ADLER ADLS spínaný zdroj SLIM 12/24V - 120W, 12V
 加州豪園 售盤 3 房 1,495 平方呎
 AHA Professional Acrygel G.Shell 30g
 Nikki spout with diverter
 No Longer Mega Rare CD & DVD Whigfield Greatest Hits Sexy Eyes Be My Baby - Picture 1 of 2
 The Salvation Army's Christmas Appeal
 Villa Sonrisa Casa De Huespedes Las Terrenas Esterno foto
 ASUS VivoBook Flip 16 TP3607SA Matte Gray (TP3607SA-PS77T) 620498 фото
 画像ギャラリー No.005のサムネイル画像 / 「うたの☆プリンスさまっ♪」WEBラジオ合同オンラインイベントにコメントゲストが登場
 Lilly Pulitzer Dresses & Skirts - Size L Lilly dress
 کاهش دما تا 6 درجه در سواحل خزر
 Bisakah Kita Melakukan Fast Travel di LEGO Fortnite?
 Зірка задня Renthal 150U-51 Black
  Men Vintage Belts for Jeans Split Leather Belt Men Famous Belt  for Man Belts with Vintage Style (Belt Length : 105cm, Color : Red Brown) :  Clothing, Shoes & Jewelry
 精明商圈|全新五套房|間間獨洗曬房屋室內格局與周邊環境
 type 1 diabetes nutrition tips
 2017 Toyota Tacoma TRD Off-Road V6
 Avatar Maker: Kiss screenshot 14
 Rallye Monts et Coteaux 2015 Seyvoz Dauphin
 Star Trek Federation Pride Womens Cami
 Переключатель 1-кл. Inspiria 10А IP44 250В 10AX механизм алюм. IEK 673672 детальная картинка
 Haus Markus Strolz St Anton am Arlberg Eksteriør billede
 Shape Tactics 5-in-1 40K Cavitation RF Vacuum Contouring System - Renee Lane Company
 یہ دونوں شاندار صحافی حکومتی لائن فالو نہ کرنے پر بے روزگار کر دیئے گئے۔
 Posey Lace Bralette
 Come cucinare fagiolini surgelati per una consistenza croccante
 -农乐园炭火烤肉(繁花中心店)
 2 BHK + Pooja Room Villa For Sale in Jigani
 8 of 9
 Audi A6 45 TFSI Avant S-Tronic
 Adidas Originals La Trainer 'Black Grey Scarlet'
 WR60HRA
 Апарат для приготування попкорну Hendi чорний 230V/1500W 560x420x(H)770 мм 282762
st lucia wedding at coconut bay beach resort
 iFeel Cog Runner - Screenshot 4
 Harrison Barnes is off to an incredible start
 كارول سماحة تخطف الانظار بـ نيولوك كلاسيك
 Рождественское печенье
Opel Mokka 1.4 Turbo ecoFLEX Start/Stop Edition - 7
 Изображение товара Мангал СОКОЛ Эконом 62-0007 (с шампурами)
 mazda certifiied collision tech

Work to be completed - For the word "Black", say how many lines of the data include it, with nothing else in the reply.

Exercise answer - 2